Asymptotic solution for three-dimensional reaction-diffusion-advection equation with periodic boundary conditions

TL;DR

This paper develops an asymptotic method to approximate solutions of a three-dimensional reaction-diffusion-advection equation with periodic boundary conditions, effectively modeling moving fronts in complex systems like oil combustion.

Contribution

It introduces a novel asymptotic approach for singularly perturbed reaction-diffusion-advection problems in three dimensions, capturing internal layers and transition dynamics.

Findings

High accuracy of asymptotic solutions in numerical examples

Effective modeling of moving fronts in three-dimensional systems

Method applicable to various autowave and wave propagation phenomena

Abstract

In this study, we investigate the dynamics of moving fronts in three-dimensional spaces, which form as a result of in-situ combustion during oil production.

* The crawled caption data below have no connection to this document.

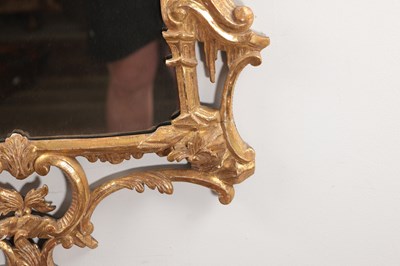 Lot 1540 - A GEORGE III STYLE GILT GESSO HANGING MIRROR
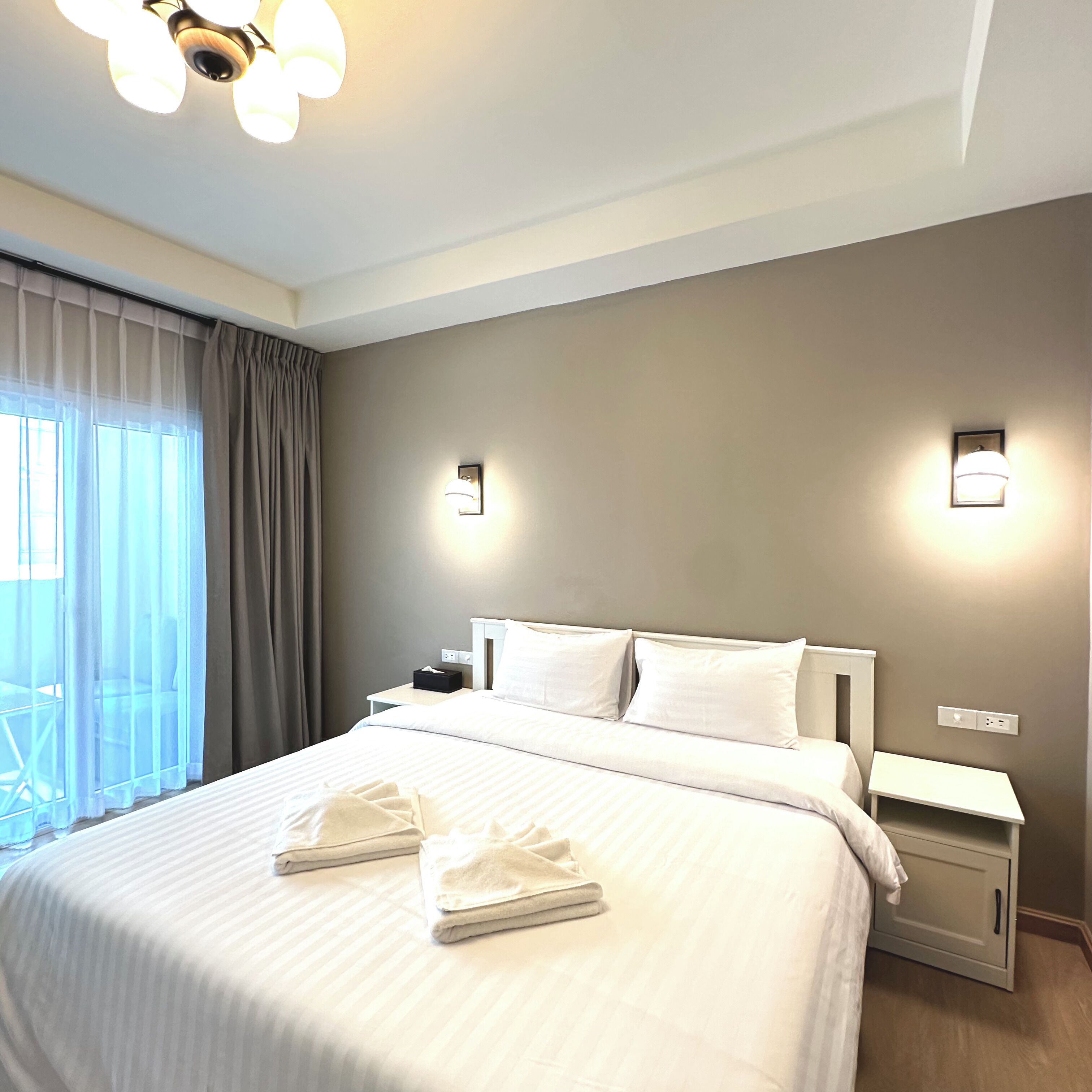 Quarto de hotel com uma cama grande, duas mesas de cabeceira, um lustre no teto e uma janela com cortinas.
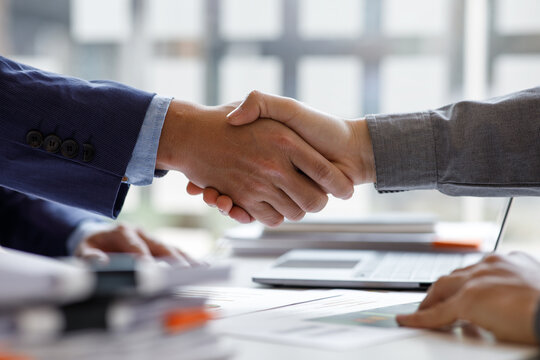 Financial Business handshake for teamwork of business merger and acquisition, successful negotiate, hand shake, two businessman shake hand with partner to celebration partnership business deal concept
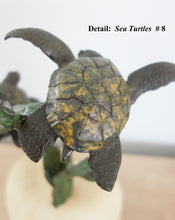 Laden Sie das Bild in den Galerie-Viewer, Detail of top sea turtles showing the yellow and green dappled patina on the shell of the bronze sculpture by Kelly Borsheim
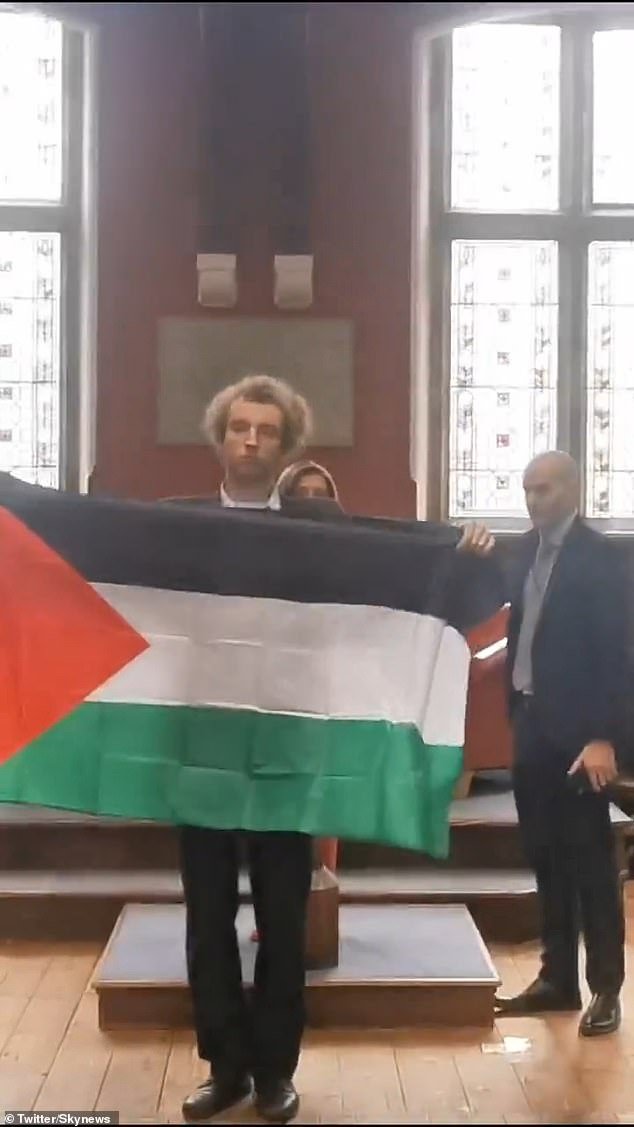 The California Democrat delivered a speech to the debating society in Oxford as protesters walked right in front of her stage, silently holding up Palestinian flags until they were escorted out by security.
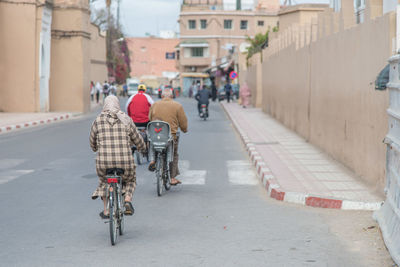 Rear view of people riding bicycle on road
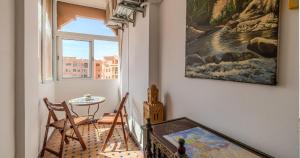 a room with a table and a window and a table at Charming 2-Bed Oasis Pool View in Marrakech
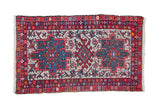 Vintage Persian Karaja rug with a triple center medallion in cherry red, sky blue, and charcoal over an ivory field.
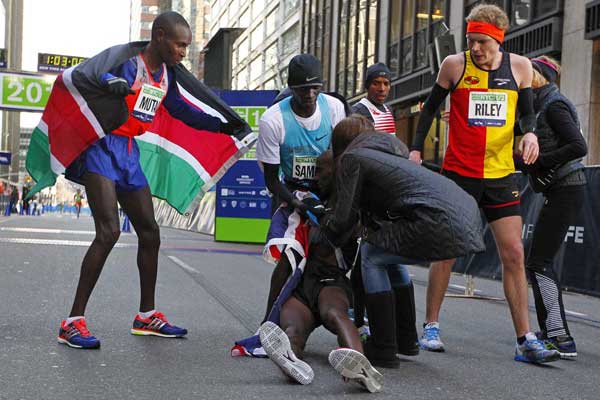Mo Farah of Great Britain collapses at the finish line in the arms of Stephen Sambu of Kenya (C) and his wife Tania, as Geoffrey Mutai of Kenya (L) looks on at the 2014 New York City Half Marathon in lower Manhattan on March 16, 2014 in New York City. Mutai won as Farah finished second and Mutai in third. PHOTO/AFP
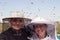 Portrait of two beekeeper surrounded by bees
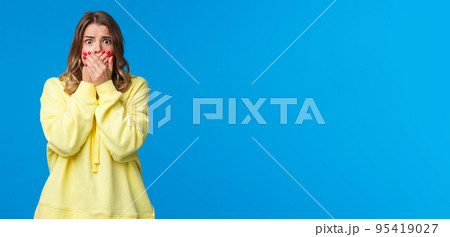 Shocked speechless and concerned young woman seeing bad accident, terrifying scene in movie, cover mouth with hands not to scream, stare with frightened eyes camera Shocked speechless and concerned young woman seeing bad accident, terrifying scene in movie, cover mouth with hands not to scream, stare with frightened eyes camera 95419027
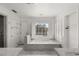 Bright bathroom with marble tiling, soaking tub, and shuttered window for relaxing comfort at 3207 Bel Air Dr, Las Vegas, NV 89109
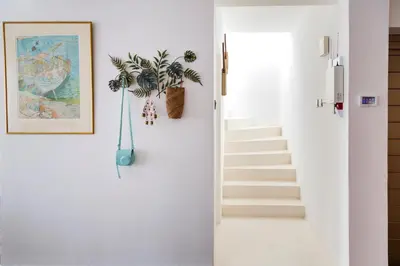 a hallway with stairs and a plant on the wall at Island Home Seaside Villa in Paralimni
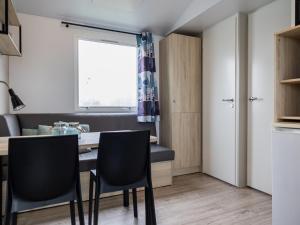 a kitchen and dining room with a table and chairs at 4 person chalet in the countryside 3 bedrooms in De Veenhoop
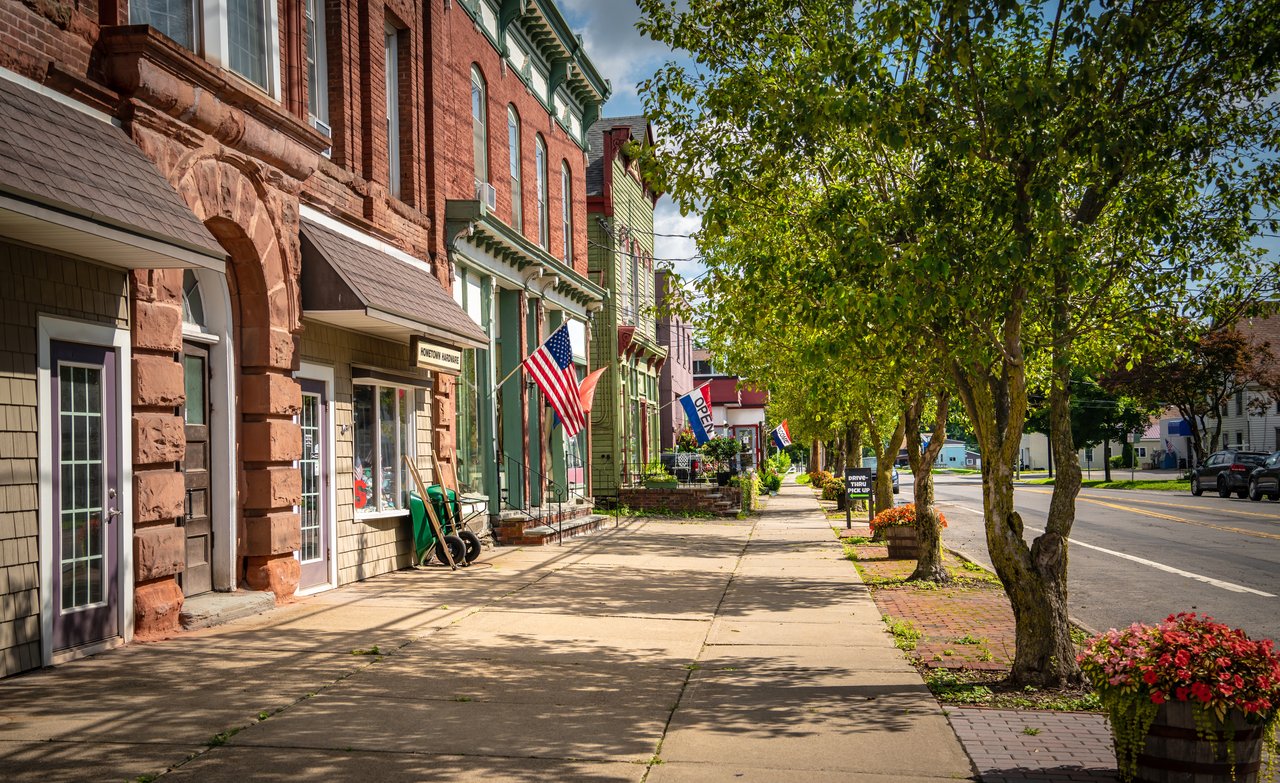 Downtown Perry storefronts along a tree-lined sidewalk, with historic brick façades and American flags.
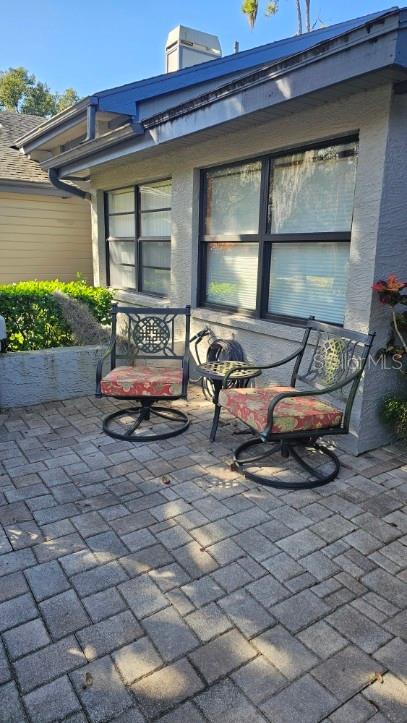 882 Lucas Lane Oldsmar, FL 34677 - Photo 5 of 27 a car parked in front of a house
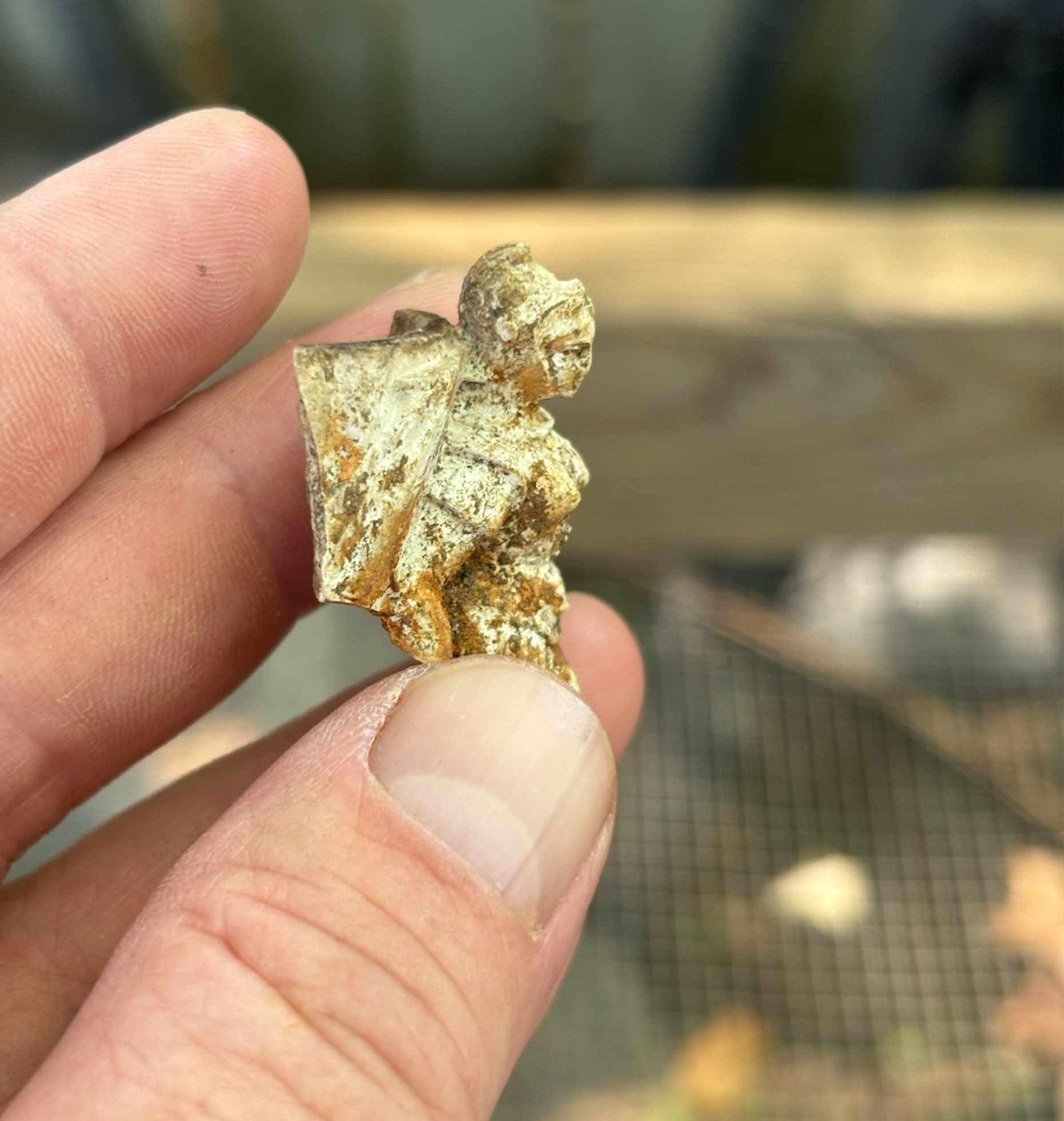 Photograph of a pipe molded in the image of a woman with a helmet, held between the fingers of an archaeologist.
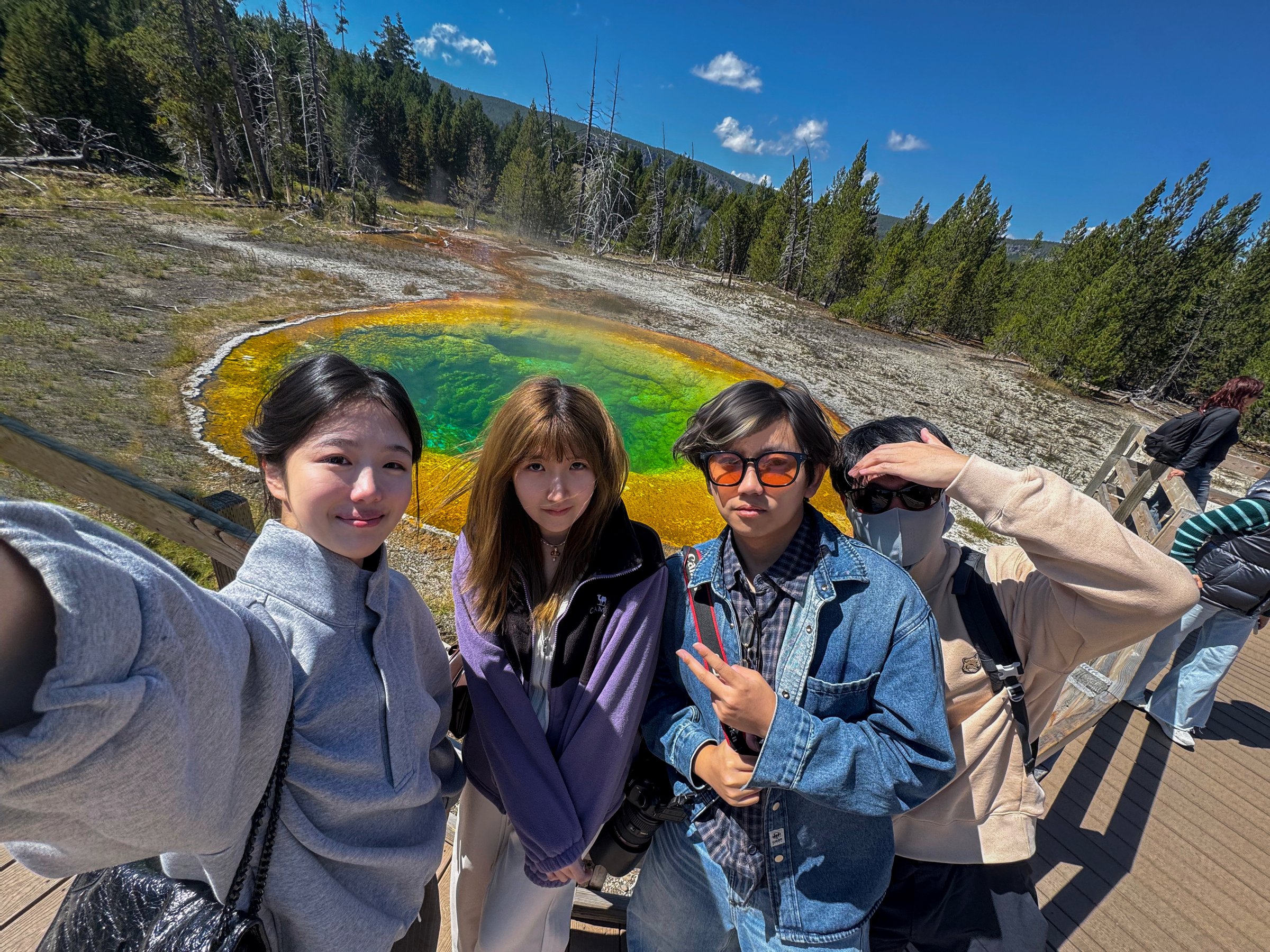 Friends together at a Yellowstone hot spring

This phenomenon is also observed in other contexts, such as various autowave models and the propagation of acoustic waves. Our analysis involves a singularly perturbed reaction-diffusion-advection type initial-boundary value problem of a general form. We employ methods from asymptotic theory to develop an approximate smooth solution with an internal layer. Using local coordinates, we focus on the transition layer, where the solution undergoes rapid changes. Once the location of the transition layer is established, we can describe the solution across the full domain of the problem. Numerical examples are provided, demonstrating the high accuracy of the asymptotic method in predicting the behaviors of moving fronts.